Today's sucked. My study schedule for today wasn't a lot and it's a whole lot easier than what I have to do over the next two days. Instead of complying with my simple expectations for the day today's dragged on its feet and been annoying in so many ways. Am I too old to blame an unproductive day on a lousy mood? Can we allow this please for at least a couple more years? Am I also too old to settle for the simple pleasures of escaping Suckfest May '10 through old Gossip Girl episodes and two packs of Sour Punk? I think my teeth hurt now. What I really need is to find a saintly benefactor with a decent internet connection who's willing to download entire seasons of all the incredibly inane TV shows that I watch and bequeath them to me, since I'm too chicken to let my brother know that's what's consuming our bandwidth. So that I don't have to waste another minute of my very precious life on waiting for buffering.
It's 4 AM, internet, and I have to be up earlyish. I have so much to think about that I don't know where to start.
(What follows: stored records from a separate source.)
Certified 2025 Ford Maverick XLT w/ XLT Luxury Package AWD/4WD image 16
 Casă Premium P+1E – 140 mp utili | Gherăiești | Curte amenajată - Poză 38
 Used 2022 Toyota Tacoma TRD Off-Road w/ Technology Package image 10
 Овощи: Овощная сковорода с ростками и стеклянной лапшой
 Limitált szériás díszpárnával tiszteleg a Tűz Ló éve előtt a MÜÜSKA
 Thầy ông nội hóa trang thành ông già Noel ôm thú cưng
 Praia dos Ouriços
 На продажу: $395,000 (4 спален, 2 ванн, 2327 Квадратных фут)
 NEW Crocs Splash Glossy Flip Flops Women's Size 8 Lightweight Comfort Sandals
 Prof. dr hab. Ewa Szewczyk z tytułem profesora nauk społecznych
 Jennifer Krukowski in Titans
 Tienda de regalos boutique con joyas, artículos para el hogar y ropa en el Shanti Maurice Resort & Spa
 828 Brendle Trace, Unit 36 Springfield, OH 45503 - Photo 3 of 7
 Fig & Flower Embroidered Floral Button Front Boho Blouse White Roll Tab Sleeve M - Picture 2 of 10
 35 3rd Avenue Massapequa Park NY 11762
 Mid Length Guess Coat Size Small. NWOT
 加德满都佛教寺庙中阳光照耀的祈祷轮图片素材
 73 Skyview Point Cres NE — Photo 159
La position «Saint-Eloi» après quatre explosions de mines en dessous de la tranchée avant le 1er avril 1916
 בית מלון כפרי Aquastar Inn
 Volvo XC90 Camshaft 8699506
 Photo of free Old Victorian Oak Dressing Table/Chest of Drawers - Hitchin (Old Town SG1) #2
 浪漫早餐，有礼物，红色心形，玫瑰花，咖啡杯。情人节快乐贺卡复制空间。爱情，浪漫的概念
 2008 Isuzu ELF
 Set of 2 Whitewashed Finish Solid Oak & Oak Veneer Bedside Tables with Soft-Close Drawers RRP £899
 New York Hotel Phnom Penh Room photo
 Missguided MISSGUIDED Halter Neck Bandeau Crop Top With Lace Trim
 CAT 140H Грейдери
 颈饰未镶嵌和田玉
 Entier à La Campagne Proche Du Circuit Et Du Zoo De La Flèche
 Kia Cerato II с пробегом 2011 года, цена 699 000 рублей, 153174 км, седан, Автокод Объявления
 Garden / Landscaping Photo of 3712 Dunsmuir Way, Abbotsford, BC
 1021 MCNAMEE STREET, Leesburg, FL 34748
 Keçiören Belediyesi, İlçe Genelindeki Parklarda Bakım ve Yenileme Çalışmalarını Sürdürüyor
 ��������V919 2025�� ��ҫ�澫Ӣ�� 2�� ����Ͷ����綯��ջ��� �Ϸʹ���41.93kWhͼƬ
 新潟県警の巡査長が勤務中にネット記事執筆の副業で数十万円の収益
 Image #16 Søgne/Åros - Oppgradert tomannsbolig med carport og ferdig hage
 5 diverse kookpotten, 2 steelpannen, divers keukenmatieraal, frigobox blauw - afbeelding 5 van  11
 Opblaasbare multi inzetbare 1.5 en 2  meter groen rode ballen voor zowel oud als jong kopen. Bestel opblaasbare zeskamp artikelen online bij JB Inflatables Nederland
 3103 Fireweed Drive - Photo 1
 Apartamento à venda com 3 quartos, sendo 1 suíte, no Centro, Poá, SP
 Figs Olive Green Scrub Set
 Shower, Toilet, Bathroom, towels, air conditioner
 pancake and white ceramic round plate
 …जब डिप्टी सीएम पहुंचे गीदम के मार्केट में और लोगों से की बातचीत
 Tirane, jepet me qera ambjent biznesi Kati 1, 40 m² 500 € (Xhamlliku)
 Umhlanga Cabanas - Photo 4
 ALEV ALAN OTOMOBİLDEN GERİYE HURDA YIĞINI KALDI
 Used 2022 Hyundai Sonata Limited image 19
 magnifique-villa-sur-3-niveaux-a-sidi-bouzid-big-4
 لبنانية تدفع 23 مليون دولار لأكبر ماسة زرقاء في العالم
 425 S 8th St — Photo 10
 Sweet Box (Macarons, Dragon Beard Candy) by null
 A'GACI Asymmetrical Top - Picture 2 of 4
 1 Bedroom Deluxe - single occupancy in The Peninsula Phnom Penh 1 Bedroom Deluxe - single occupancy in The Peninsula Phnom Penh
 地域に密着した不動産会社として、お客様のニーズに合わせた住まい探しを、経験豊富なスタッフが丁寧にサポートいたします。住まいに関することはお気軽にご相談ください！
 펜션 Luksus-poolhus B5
My original plan of not thinking about any of it till my exams finish was a good plan. Fuck, it was a great plan! I was giving myself the option of chilling out and living a simple life for a bit longer. I don't seem to do simple very well, internet. And I don't think I've had to make a decision of this magnitude since the time I chose studying Economics over English. Which, by the way, was a very sound decision. Now I'm dealing with something that I thought I had already made up my mind on, but everyday I seem to find further reasons not to make this move. Which makes me sad because I thought I was braver and more open than this.
Tchah. All I wanted to do today was get my stupid chapter on 'Dealing with risk and uncertainty' done. Kaha se kaha aa gaye internet?
From The Chai Years on my blog roll:
"Man am I going to hell.
Also, online he was, twice, and I didn't say hi and what's more, Didn't Even Feel Like.